Anonymous proxy servers: Necessary or evil?

Some security experts believe anonymous proxy servers are only necessary if you're up to no good, while others see them as a legitimate tool for research, pen testing and the like. Who's right?

If there is truly a gray zone in the struggle between online good and evil, anonymous proxy servers live there.

Organizations typically use proxy servers to forward website, file and other requests to other servers. Anonymous proxy servers are meant to hide the identity of the requestor.

Some security experts say the latter is only necessary if someone wants to mask malicious activity, including Sunil James, senior product manager at Amazon Web Services and formerly director of vulnerability research at iDEFENSE.

"As a security person my natural first instinct is to ask why someone needs to be anonymous if they are doing something legitimate," he said. "I just don't see a viable use for anonymous proxy servers in corporate environments."

Others say certain kinds of security research and testing make them a necessity and that they are perfectly safe if used responsibly.

In an effort to reach a consensus on the issue, CSOonline polled several industry professionals by phone, e-mail and networking sites like LinkedIn.

Surprisingly, most respondents defended the use of anonymous proxy servers and offered a litany of legitimate-use examples.
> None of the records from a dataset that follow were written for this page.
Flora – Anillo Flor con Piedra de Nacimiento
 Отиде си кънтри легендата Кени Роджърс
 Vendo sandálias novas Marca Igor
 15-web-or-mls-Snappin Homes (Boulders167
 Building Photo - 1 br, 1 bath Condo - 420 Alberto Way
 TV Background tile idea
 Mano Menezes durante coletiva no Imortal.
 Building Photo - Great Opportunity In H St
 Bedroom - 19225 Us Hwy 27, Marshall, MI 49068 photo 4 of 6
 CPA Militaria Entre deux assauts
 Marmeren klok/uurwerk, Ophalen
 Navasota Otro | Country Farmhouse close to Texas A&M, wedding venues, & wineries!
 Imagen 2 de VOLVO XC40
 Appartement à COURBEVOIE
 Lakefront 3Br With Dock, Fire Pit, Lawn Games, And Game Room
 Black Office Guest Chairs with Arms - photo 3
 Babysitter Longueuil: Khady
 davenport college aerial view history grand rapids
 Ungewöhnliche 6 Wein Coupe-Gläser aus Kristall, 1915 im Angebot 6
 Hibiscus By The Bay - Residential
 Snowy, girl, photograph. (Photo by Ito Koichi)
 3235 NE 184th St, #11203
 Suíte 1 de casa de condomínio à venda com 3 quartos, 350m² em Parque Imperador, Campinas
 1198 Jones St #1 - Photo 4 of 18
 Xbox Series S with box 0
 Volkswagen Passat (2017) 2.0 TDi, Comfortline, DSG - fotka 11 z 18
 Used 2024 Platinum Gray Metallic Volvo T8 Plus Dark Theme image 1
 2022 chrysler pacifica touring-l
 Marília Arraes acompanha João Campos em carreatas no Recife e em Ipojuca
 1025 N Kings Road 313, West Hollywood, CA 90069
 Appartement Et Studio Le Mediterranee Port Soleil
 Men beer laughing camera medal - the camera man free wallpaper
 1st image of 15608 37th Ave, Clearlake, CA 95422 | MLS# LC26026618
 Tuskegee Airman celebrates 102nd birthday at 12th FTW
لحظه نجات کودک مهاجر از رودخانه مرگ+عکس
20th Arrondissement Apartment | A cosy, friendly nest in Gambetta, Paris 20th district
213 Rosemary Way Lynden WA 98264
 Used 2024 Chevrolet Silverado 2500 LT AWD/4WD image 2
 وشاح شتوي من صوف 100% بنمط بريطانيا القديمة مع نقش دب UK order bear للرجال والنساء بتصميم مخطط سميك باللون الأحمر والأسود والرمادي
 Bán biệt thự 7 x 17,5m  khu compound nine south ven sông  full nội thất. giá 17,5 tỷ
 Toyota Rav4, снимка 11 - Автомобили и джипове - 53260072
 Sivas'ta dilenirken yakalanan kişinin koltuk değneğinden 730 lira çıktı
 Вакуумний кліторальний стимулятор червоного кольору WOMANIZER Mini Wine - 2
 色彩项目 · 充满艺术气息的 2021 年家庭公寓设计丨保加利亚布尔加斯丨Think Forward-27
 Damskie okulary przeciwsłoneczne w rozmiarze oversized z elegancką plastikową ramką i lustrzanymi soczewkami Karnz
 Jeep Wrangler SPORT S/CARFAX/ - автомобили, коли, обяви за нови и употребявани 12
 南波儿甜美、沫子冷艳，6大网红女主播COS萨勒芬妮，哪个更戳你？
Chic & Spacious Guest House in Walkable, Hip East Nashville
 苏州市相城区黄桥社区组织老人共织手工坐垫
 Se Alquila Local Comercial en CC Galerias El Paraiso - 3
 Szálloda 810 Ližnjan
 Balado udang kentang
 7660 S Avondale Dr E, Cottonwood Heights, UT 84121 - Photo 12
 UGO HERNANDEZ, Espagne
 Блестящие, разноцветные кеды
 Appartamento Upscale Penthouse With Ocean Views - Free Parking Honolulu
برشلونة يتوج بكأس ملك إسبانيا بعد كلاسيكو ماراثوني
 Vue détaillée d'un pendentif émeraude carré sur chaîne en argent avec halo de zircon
But everyone admits they can easily be used for malicious purposes and that organizations need to respond with the right security procedures.

"From a security perspective, hiding your true location behind a proxy definitely falls in the gray area of Web browsing," says Ed Ziots, a Rhode Island-based network engineer. "I use them to view questionable content from semi-trusted systems because I do not want the site to know the true origin of my communications when I am researching the latest exploits, exploit code, or new and up-and-coming trends in exploit research."

But he can imagine a more sinister scenario where the bad guy uses multiple anonymous proxies so victims can't determine where his attack sequences are coming from.

Spying (or blocking) competitors Anonymous proxy servers are often used to spy on competitors or block their efforts to do the same to another competitor, says Chris Kraft, VP of product management for web security for security vendor Sophos.